Stüdyodan çıkıp kapışıyor ve dağılıyor yarım saat sonra stüdyoda yine bir arada

Güncelleme Tarihi:

Stüdyodan çıkıp kapışıyor ve dağılıyor yarım saat sonra stüdyoda yine bir arada
Oluşturulma Tarihi: Ekim 26, 2002 23:13

Mazhar, Fuat, Özkan bugünlerde epeyce asabi. Mazeretleri var çünkü. Universal'la yeni bir plak anlaşması imzaladılar. Üstelik en geç Mart ayında kayıtları firmaya teslim edeceklerine dair söz verdiler. İşte bu asabi durumun ortasında, İş Sanat'ta Orion Senfoni Orkestrası ile verecekleri 30.Yıl Konseri'ni konuşmak için MFÖ'nün peşine düştük.

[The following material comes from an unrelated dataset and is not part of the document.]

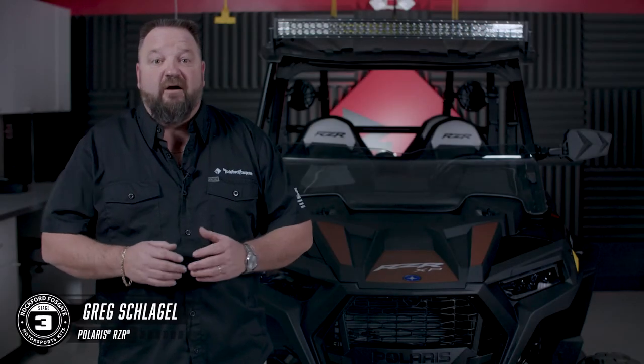Hey everyone, I'm Greg, and we're back at the Rockford Fosgate R&D Lab. Today we're going to show you how we installed the new Stage 3 kit on a 2021 Polaris Razor.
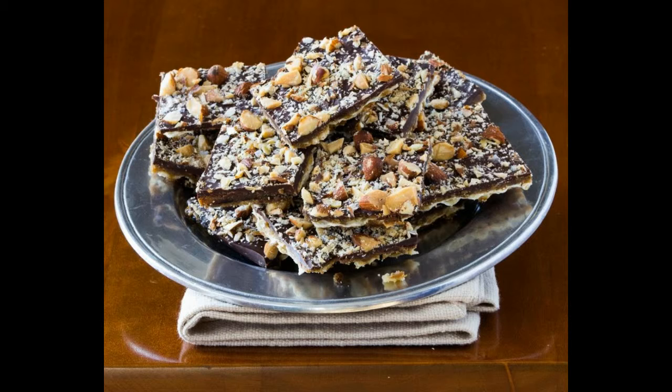Step five. Transfer to the oven and bake the matzos for 12 minutes, or until the pan is bubbling all over. Remove the pan from the oven, but leave the oven on. Step six. Sprinkle the chocolate all over the toffee, setting the pieces so they sit flat. Return to the oven for one to two minutes, or until the chocolate melts. Use an offset metal spatula to spread the chocolate evenly over the toffee. Sprinkle the almonds all over the chocolate, then sprinkle sparingly with salt.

10 günlük takibin sonucunda, fotoğraf çekimi sırasında yakaladık. 20 dakikada 30 yılı konuşmayı denedik. İsterseniz parodi niyetine de okuyabilirsiniz. Serhan YEDİG

MFÖ hangi tarih ve olayı milat kabul ediyor?

- Fuat:
Mazhar'la 1966'da tanıştık. Bence MFÖ'nün miladı Özkan'ın bize katıldığı 1970 yılıdır.

- Mazhar: Hayır, hayır. Bence 1984, yani 'Diday Diday Day'ın yayımlanması. Bir gecede hayatımız değişti. Telefonlar susmak bilmiyordu. Hiç unutmuyorum, Fuat'ın evinde yaşıyoruz, mutfakta geçiyor hayat. Telefonlar çalıyordu sürekli. 'Ananı, avradını... ne oluyoruz yahu' demiştik. Eurovision'u küçümsüyorduk; ama bir gecede sesimizi Türkiye'ye duyurdu. Bence milat budur.

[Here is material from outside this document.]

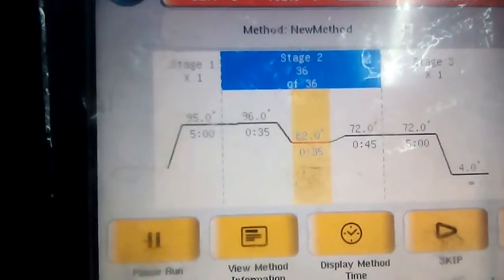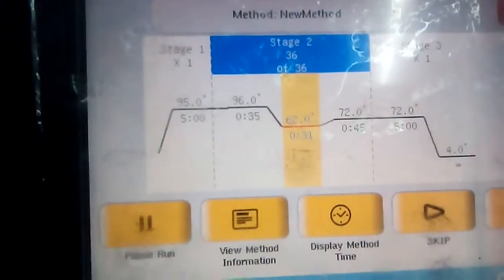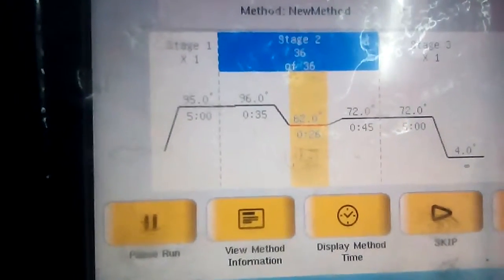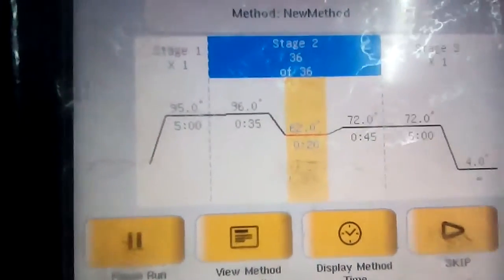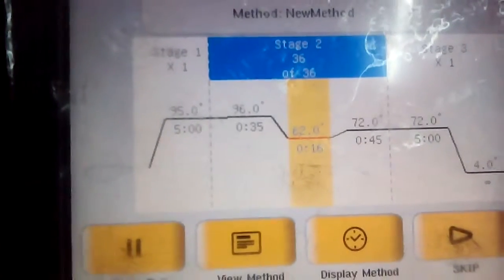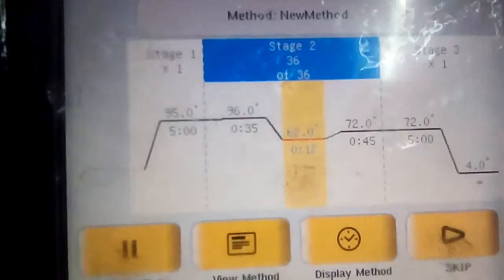The second is the annealing phase where the forward and reverse primers get annealed to their complementary sequence in the single stranded DNA. The temperature is maintained at 62 degrees Celsius for 35 seconds. The time is now decreasing.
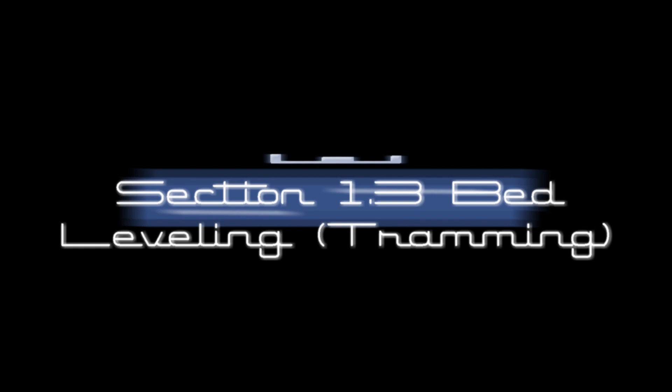Hey everybody, today we're going to go through section 1.3 bed leveling or tramming in Luke Hatfield's help guide. My name is Jim and this is the Edge of Tech.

- Özkan: Bence milat 'Ele Güne Karşı' albümüdür.

Kaygısızlar'dan ayrılıp grubunuzu kurarken çıkış noktanız neydi; o günün müzik ortamında neye karşıydınız, neler size yakın geliyordu?

- Mazhar:
Cover parça, yani başkalarının şarkısını çalıp söylemek istemiyorduk. Kendi müziğimizi yapmak istedik.

- Fuat: Çok doğru. Aynı şeylerden zevk alıyorduk. Kendi şarkılarımızı söylemek istiyorduk.

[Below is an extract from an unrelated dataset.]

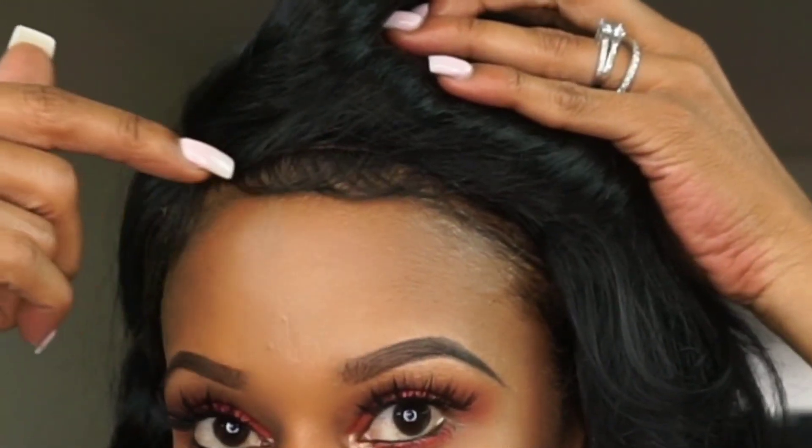I'm going to zoom in so you guys can see — the baby hair is all under here. If you're wearing it like me as a swoop, you're not going to see the baby hair, so you really don't have to do anything to it. I did take this side and swooped the baby hair into the wig a little bit just to make it look more natural, and threw it behind my ear.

- Özkan: Yıllar sonra 'Ele Güne Karşı Yapayalnız' albümünde bile sorun olmuştu bu konu. Kendi şarkılarımızı albüme koymak için prodüktörü ikna etmeye çalıştık. Türkçe söylediğimiz halde, siz Batı tarzı müzik yapıyorsunuz, dediler...

- Mazhar:Şimdi bu arkeolojik konuşmaları bırakalım... Bu konuyu geçelim. Utanmasam Kaygısızlar'ı çoktan unuttuğumu söyleyeceğim. Siz hatırlatmasanız hatırlayamazdım.

TÜM AYNALARI KIRMIŞTIK

Şöhret sonrasında yaşadığınız ilk gerilim ya da başka bir sebepten cinnet geçirip 'lanet olsun' dediğiniz an?

- Mazhar:
Egemen Bostancı'yla çalışırken böyle bir cinnet yaşanmıştı. Şan Tiyatrosu'nda ilk roller küçüktü. Kuliste yerimiz tuvaletin yanındaki odaydı. Aradan yıllar geçti ve bir gün assolist odasına ulaştık. Rock grubu olmamızdan gelen enerjiyle odadaki tüm aynaları kırdık. Odayı yıktık resmen. Çok içkiliydik, yaptığımızı hatırlamıyoruz... (Gülüyor) Egemen Bostancı'ya söylemişler. Canları sağolsun, demiş. Bizden çok para kazanmıştı.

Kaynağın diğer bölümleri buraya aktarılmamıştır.